A wedge is cut from a uniform solid circular cylinder by a plane which makes an angle \(\alpha\) with the base of the cylinder and which touches at a point \(O\) the circular boundary of the base. Prove that the mass-centre of the wedge is at a distance \(\frac{3}{8}(4+\tan^2\alpha)a\) from \(O\) where \(a\) is the radius of the cylinder, and explain why this distance does not tend to \(a\) as \(\alpha \to 0\).
Forces \((X_r, Y_r)\), \(r=1,2,\dots,n\), act on a rigid body at the points \((x_r, y_r)\) referred to rectangular Cartesian axes. Prove that the forces are equivalent to a force \((X, Y)\) acting at the origin together with a couple of moment \(M\). If \(X^2+Y^2 \ne 0\) find the equation of the line of action of the resultant of these forces, and also find the equation of the line of action of the resultant if the line of action of each force is rotated (from \(Ox\) to \(Oy\)) through the angle \(\alpha\), the points of application of the forces being unchanged. Show that the two lines of action intersect in the point \[ \left( \frac{MY+M'X}{X^2+Y^2}, \frac{MX-M'Y}{X^2+Y^2} \right), \] where \[ M' = \sum_{r=1}^n (x_rX_r + y_rY_r). \]
A particle of mass \(m\) is projected vertically upwards under gravity with initial velocity \(V\tan\alpha\), and the resistance of the air is assumed to be of magnitude \(mg(v/V)^2\) when the velocity of the particle is \(v\). Show that the particle returns to the point of projection with velocity \(V\sin\alpha\). If \(\tan\alpha\) is small, prove that the height attained by the particle is less than it would be if there were no air resistance by \(\frac{1}{3}V^2g^{-1}\tan^4\alpha\), approximately.

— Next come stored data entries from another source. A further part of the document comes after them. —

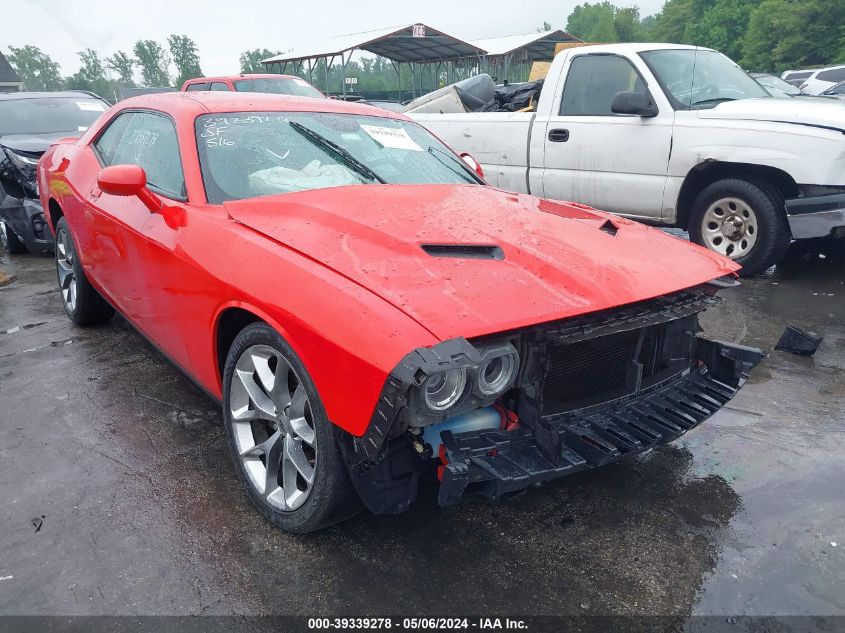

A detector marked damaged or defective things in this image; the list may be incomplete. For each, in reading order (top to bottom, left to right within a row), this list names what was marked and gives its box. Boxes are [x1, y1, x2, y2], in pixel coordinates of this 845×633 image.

damaged front end [0, 144, 52, 253]
damaged vehicle in background [0, 91, 109, 254]
damaged vehicle in background [39, 91, 760, 532]
exposed headlight [422, 368, 468, 412]
exposed headlight [478, 350, 516, 396]
damaged front end [338, 280, 764, 512]
crumpled bumper bar [438, 338, 760, 506]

The velocity of the mass-centre of two particles of masses \(m_1, m_2\) moving in a plane is \(V\) and their relative velocity is \(V'\); prove that the total kinetic energy of the two particles is \(\frac{1}{2}MV^2 + \frac{1}{2}M'V'^2\), where \(M=m_1+m_2\) and \(MM'=m_1m_2\). If a shell of mass \(M\) travelling with velocity \(V\) is broken into two fragments of masses \(m_1, m_2\) by an explosion which increases the kinetic energy by an amount \(E\), find the smallest possible relative velocity of the fragments and find the ratio \(m_1/m_2\) in this case.